IoT & Embedded Technology Blog

5G Edge Infrastructure Market Growing Rapidly Ahead of Standardization

Embedded Industry Needs Coordinated Effort to Evangelize Cross-domain Collaboration

At this week’s Innovate 2011 Conference, IBM Rational reiterated their vision for embedded systems engineering – that it is becoming of increasing importance to facilitate and encourage collaboration across project teams, product lines, and engineering disciplines. In particular, their announcement of Collaborative Design Manager and discussion of further progress by the Open Services for Lifecycle Collaboration (OSLC) standard underscore this strategy.

The Collaborative Design Manager, which is offered for both their Rhapsody and RSA tools, is intended to provide a mechanism to share models with stakeholders throughout project teams and organizations. Similar to trends we are seeing with requirements management/definition tool use cases, we are seeing a growing need for tools that can maintain relevancy to a wide range of development and operational roles, especially as more organizations adopt agile methodologies that encourage frequent feedback cycles.

The potential for even broader adoption for Collaborative Design Manager (and other tools like it) may rest on the ability of IBM to elicit the participation and integration of other modeling tools from vendors with whom they either directly or indirectly compete. For example, there are many cases in the embedded market where an engineering team may be using different modeling tools for system architecture, algorithm design, and control engineering. We fully expect that tools that can offer a means to manage these models (and provide consistent traceability throughout them) will become increasingly useful to OEMs whose projects are becoming increasingly complex.

Furthermore, we believe that this same type of tool could provide the needed mechanism to manage system models across engineering disciplines (ESW, PLM, EDA) in the future, which would obviously work towards the end objective of OSLC. However, while IBM’s announcements and underlying message fall in line with VDC’s own views on the evolution of embedded engineering, there are some serious questions remaining that only the market can answer.

Will the market embrace OSLC (an IBM initiative) as the integration hub to manage the connections between different engineering disciplines?

One of the challenges will center on the ability (or lack thereof) for IBM to gain buy-in from other market-leading competitors, which is not a trivial task.

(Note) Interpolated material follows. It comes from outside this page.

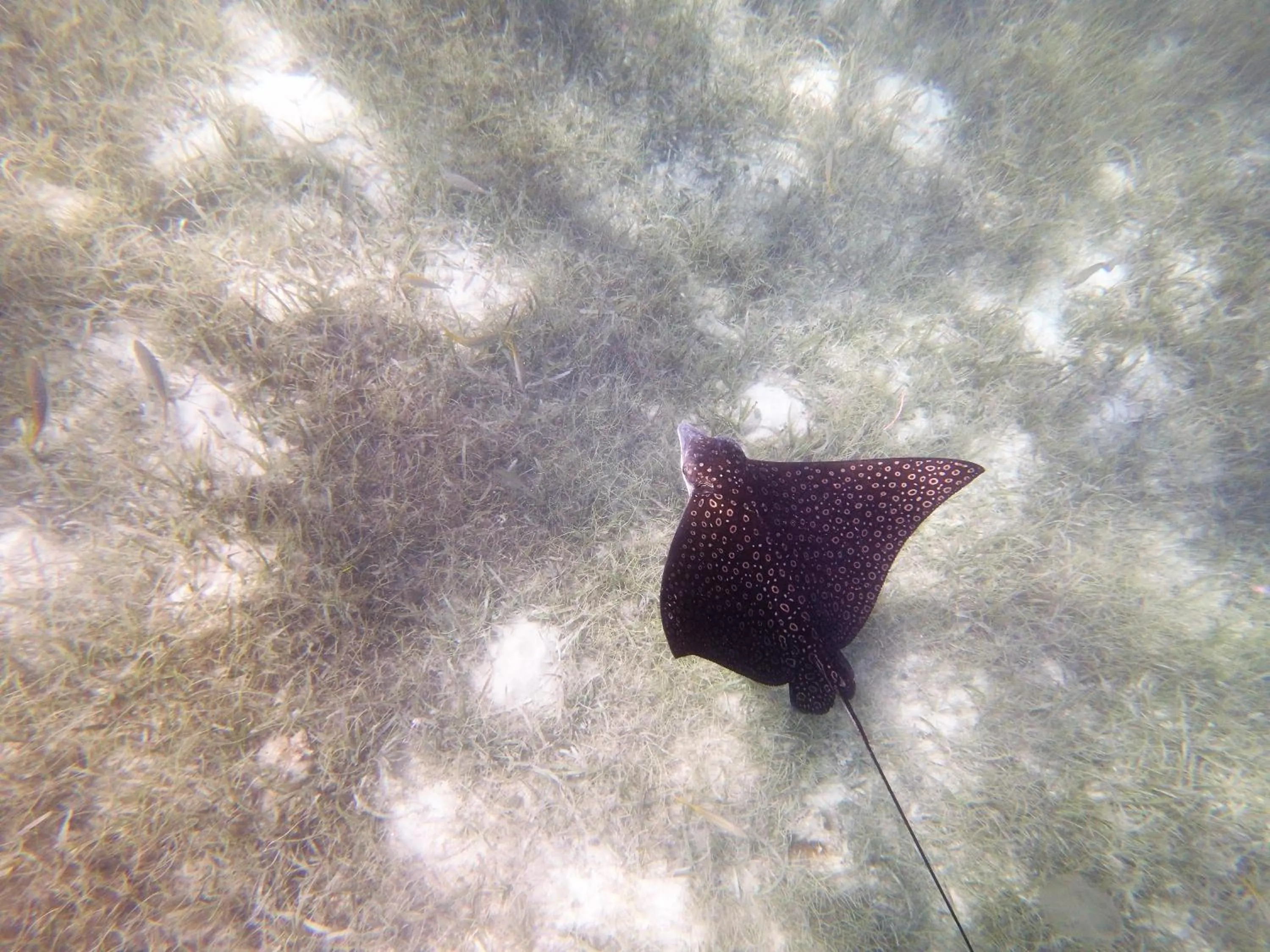 Snorkeling in Maya Beach Hotel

Perhaps augmenting this challenge is the expansion of leading vendors from other domains (PLM and EDA) into the traditional ALM space with PLM vendors PTC and Dassault and EDA vendors Synopsys, Cadence and Mentor all trying to improve their own relevance to and value proposition for software development.

Clearly, the requirements of engineering organizations will dictate the potential broader success of OSLC. IBM has, in fact, steered a past open standard organization to wide (/ pervasive) public adoption through the Eclipse development framework. Nevertheless, in this case, perhaps the greatest influencing factor will be not if customers, partners, and competitors want to support an IBM initiative, but rather if the engineering organizations are even ready to implement this type of cross-domain integration.

In a recent blog post, we highlighted engineering organizations’ growing investigation of ALM/PLM tool integration. The results showed that organizations were, in fact, beginning to evaluate its potential. However, in order for IBM (or others) to catalyze the broader adoption of OSLC, they need to make sustained efforts to educate the community at large if they hope to transition the dialogue around this change to an elevated level of urgency.